It is very easy to think you are prepared for the future when you have very posh trinkets in your line of work.
A digital recorder with wi-fi is a nice toy. Technology is impressive, from editing software, to cameras to how precise audience tracking has become. My website's analytics is over and above what I had a decade ago, and is superior to the one I had just a month ago with another host.
When I ran Chaser News over ten years ago, I had a very smart camera that could take photos and make movies with a switch of a button -- and that was a big deal. My laptop and camera were my entire studio. Now, that's all done on my smartphone with a special camera attachment.
When your have the toys, you get lulled into thinking that you are cutting edge, and in journalism, it is an easy mistake to make.
Toys are tumbleweeds: they have no roots as they are outdated within a year. When I started in journalism, I had to buy a pricey and professional quality microphone and tape recorder. Then I had a PDA with a folding keyboard. Now, all of that is utterly unusable, just as is my old multi-purpose camera that had its own editing software. I needed no apps doing Chaser because those things didn't exist, but used several when I began A Dangerous Woman Story Studio.

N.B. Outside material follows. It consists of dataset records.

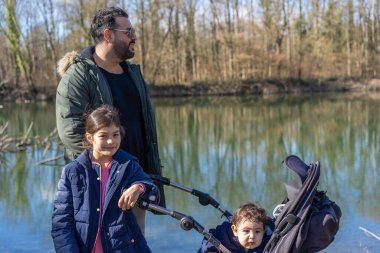 Babamın puset ve iki çocuğuyla Nehir Ormanı 'ndaki Aare nehri boyunca yürüdüğü yakın plan..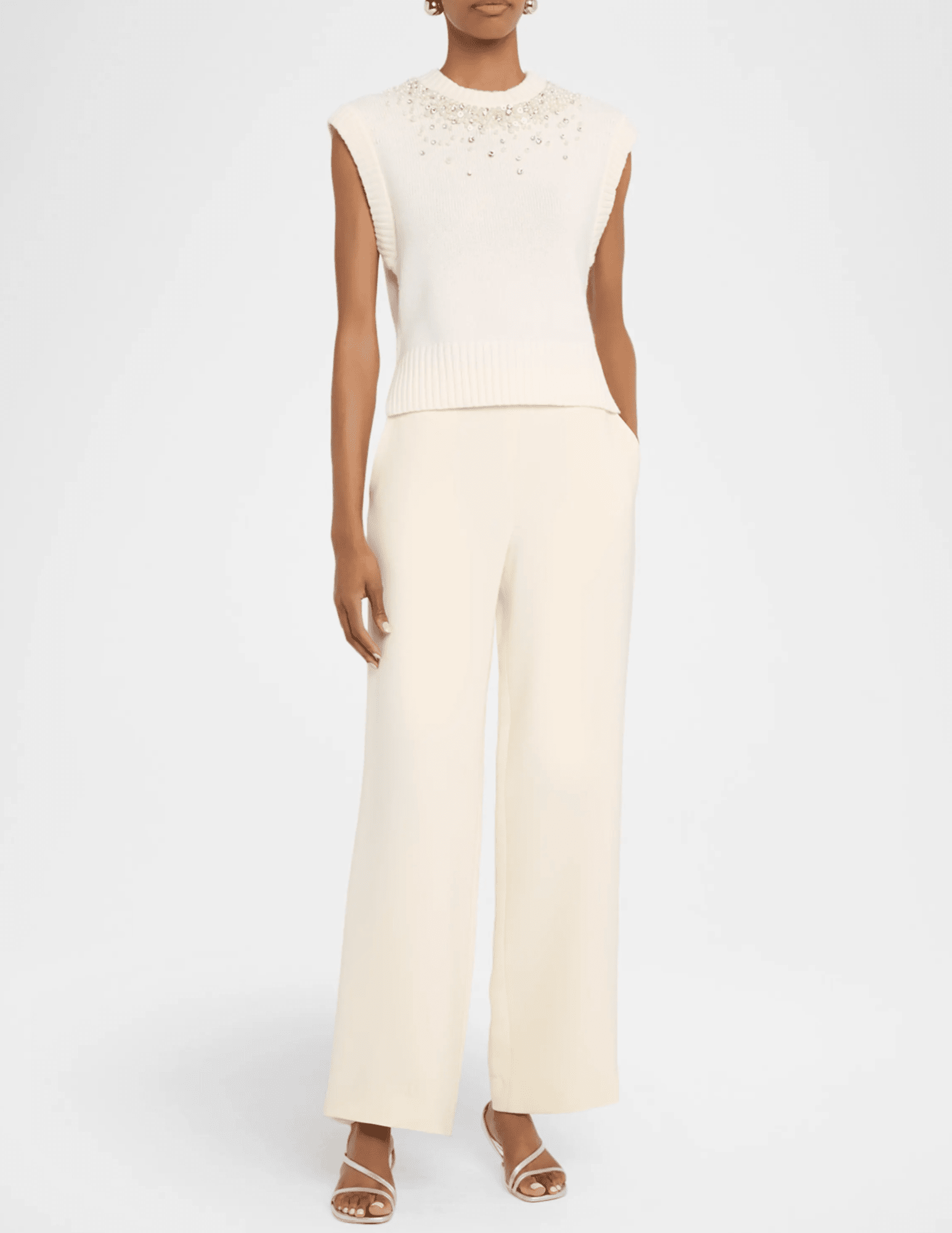 Model wearing SIMKHAI Candra Ivory Embellished Sweater Vest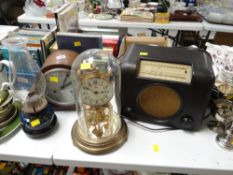 A vintage oak dome topped mantel clock, glass domed clock, vintage Bakelite-style radio etc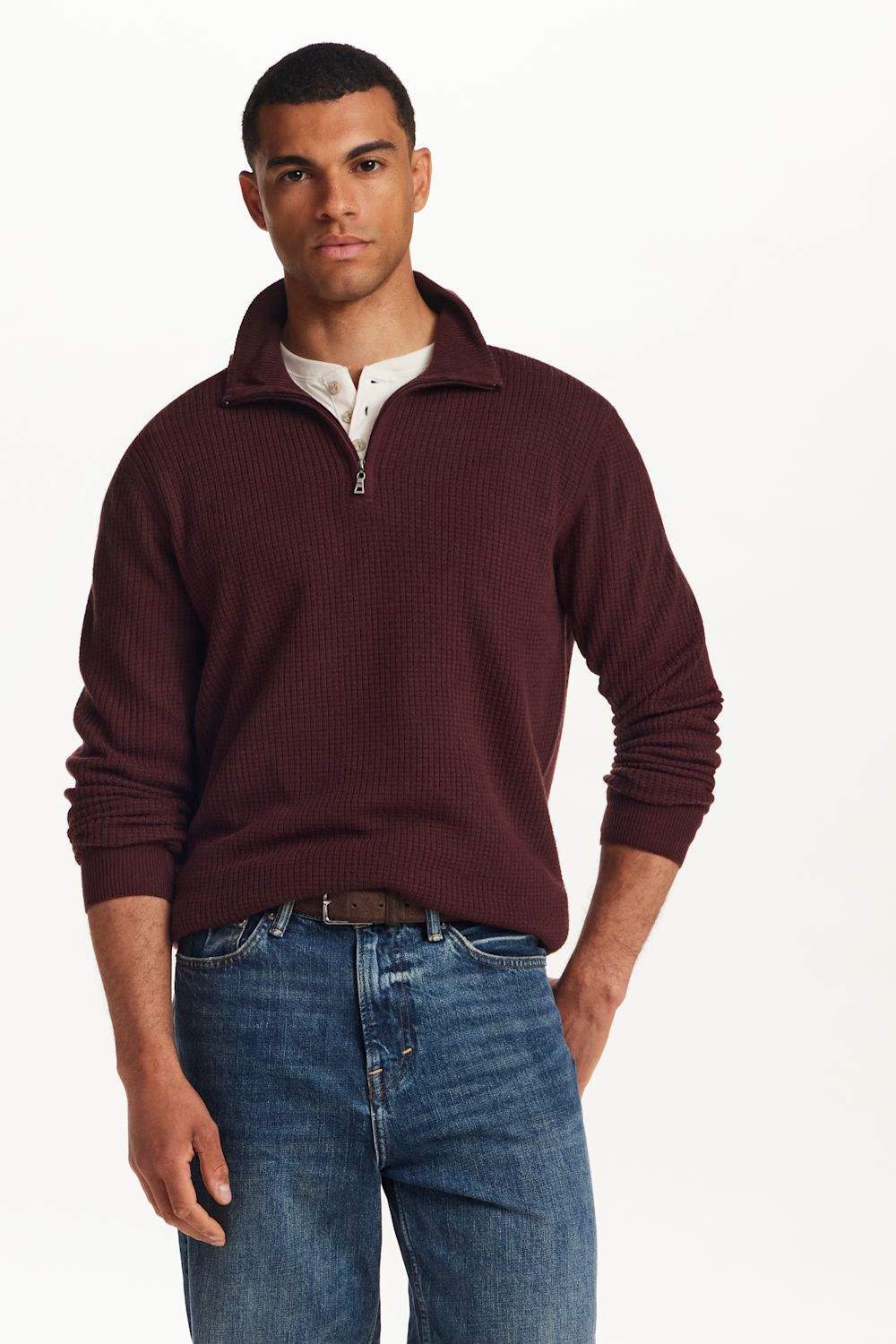 A man wearing a ribbed knit quarter-zip sweater in burgundy, layered over a white collared shirt and paired with blue jeans, photographed against a clean white studio background.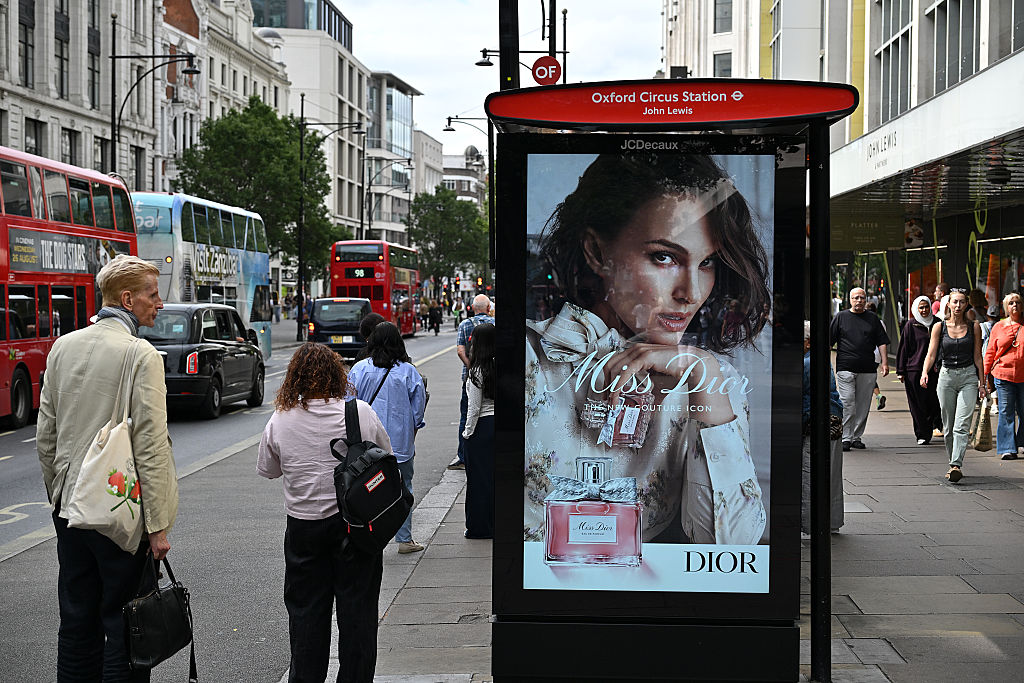 JCDecaux ad: A bus stop displays an advertisement for luxury fashion label Miss Dior perfume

The toys change and quickly. I have no trouble keeping up, but I also can see that the technology doesn't make journalism.
Journalism needed to be something that would be ahead of technology, not the other way around. Journalists are always playing catch-up, and often behave as if they were technological squatters: moving in to a new medium and then trying to fit into it.
It also needed to update their methods -- independent of the trinkets that are always changing. That never happened, but it doesn't mean an alternative can't do what its predecessor never did...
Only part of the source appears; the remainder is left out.